### Exercise
Go through the entries below and copy each line that holds the word "Used".

### Input material
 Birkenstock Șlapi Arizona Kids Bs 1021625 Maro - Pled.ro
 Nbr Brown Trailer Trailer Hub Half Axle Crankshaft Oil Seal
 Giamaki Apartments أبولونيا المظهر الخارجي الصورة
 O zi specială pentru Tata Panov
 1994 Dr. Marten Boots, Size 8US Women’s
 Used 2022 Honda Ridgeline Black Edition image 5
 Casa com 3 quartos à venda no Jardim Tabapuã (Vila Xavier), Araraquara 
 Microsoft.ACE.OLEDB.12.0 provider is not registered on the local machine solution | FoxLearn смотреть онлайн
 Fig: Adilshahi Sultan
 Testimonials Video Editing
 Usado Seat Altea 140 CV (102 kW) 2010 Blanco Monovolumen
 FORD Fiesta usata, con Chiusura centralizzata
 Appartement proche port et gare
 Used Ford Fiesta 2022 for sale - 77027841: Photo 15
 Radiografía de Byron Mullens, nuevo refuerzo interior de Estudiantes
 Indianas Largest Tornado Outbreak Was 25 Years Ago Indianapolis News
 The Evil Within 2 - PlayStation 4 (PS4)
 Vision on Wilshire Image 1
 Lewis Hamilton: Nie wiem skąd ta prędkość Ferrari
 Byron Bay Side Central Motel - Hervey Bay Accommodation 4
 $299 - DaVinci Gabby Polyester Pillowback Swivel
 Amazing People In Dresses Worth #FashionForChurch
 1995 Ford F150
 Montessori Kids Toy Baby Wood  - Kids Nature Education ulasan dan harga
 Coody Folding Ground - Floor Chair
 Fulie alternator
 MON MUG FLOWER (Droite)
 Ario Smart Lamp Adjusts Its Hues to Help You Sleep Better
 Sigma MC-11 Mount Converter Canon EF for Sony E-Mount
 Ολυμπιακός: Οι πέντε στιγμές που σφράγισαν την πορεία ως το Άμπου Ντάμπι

### Exercise result
 Used 2022 Honda Ridgeline Black Edition image 5
 Used Ford Fiesta 2022 for sale - 77027841: Photo 15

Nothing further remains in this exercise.